- [DATASET EXCERPT]:
——

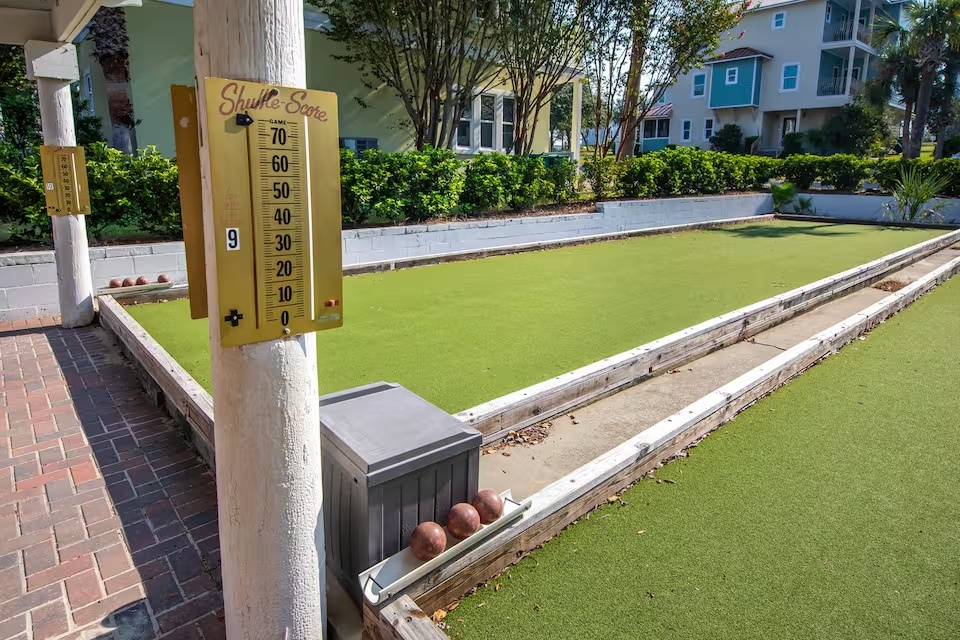 Enjoy a classic outdoor game at the community bocce ball courts. Perfect for friendly competition and relaxed afternoons in the coastal sunshine. A fun gathering spot for guests of all ages to unwind and enjoy the outdoors.
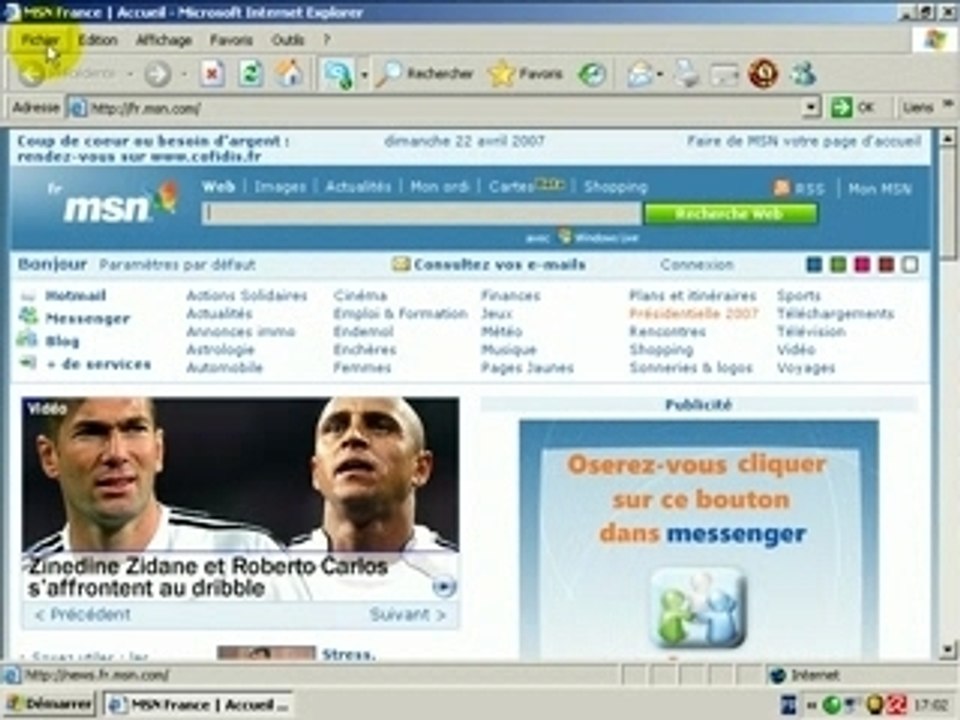 page d'accueil internet explorer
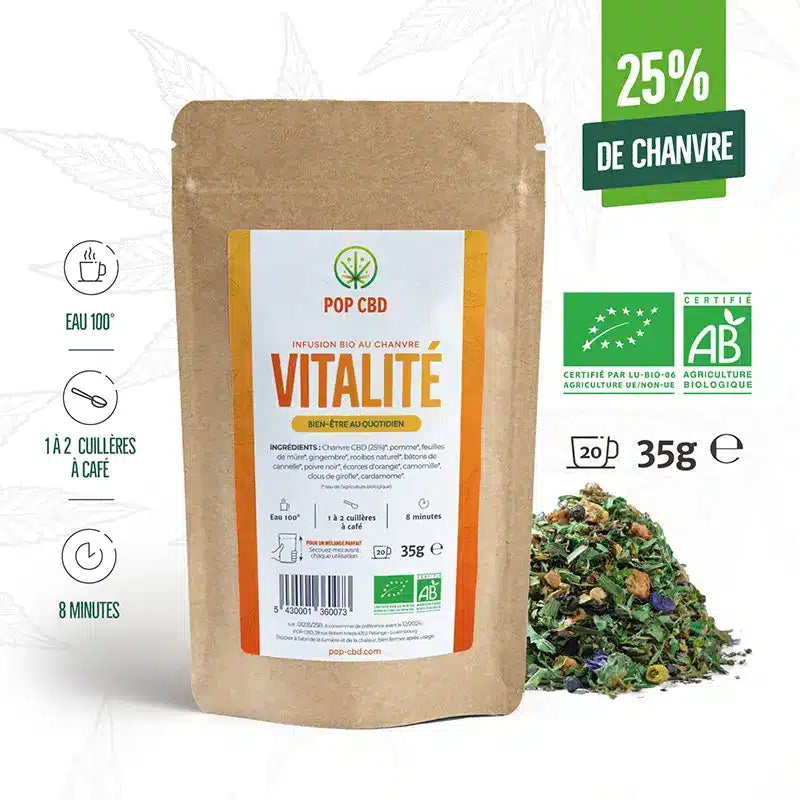 Tisane CBD Bio bien-être Vitalité 35g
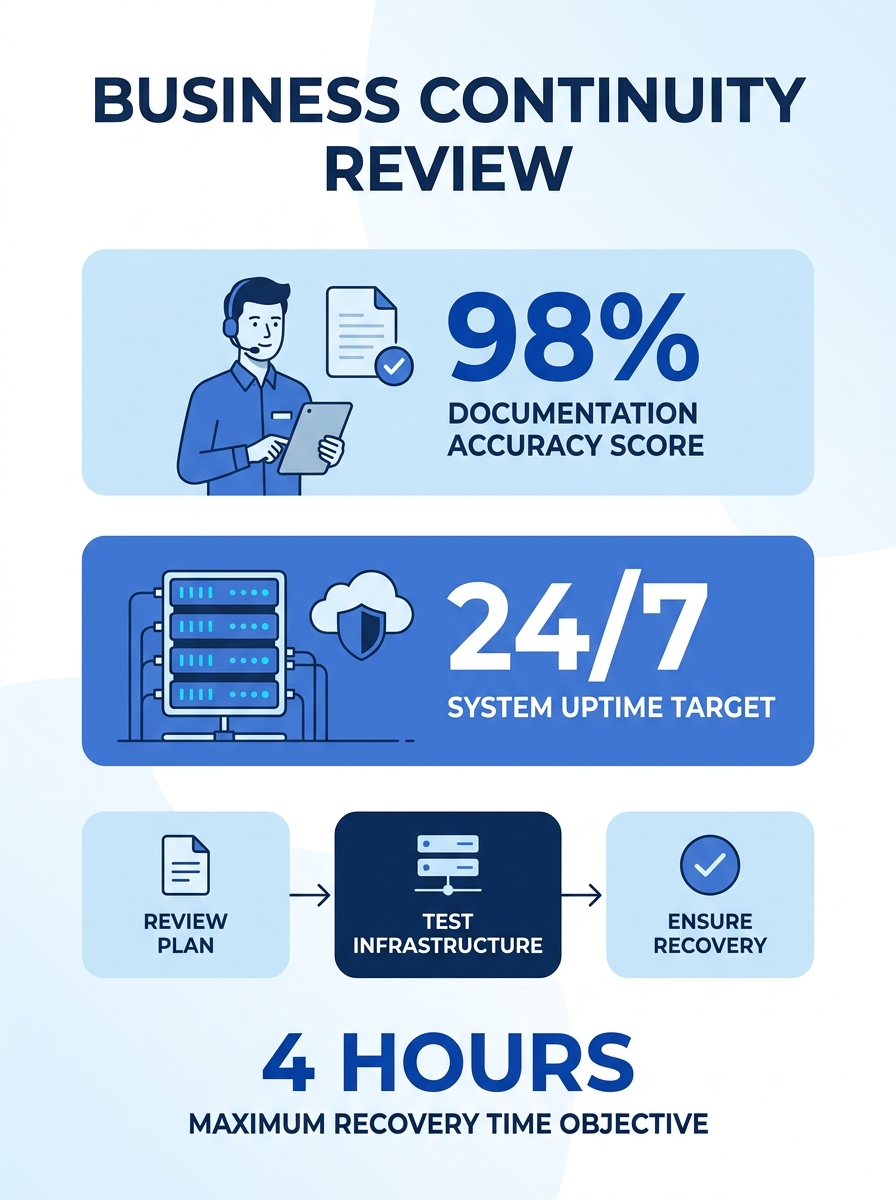 IT manager reviewing business continuity documentation with server infrastructure in background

——

- [EXERCISE INSTRUCTIONS]: Leaving every picture out, write out exactly the lines from the one that holds "page d'accueil internet explorer" through the end of the listing, both included.

- [OUTPUT OF THE TASK]:
 page d'accueil internet explorer
 Tisane CBD Bio bien-être Vitalité 35g
 IT manager reviewing business continuity documentation with server infrastructure in background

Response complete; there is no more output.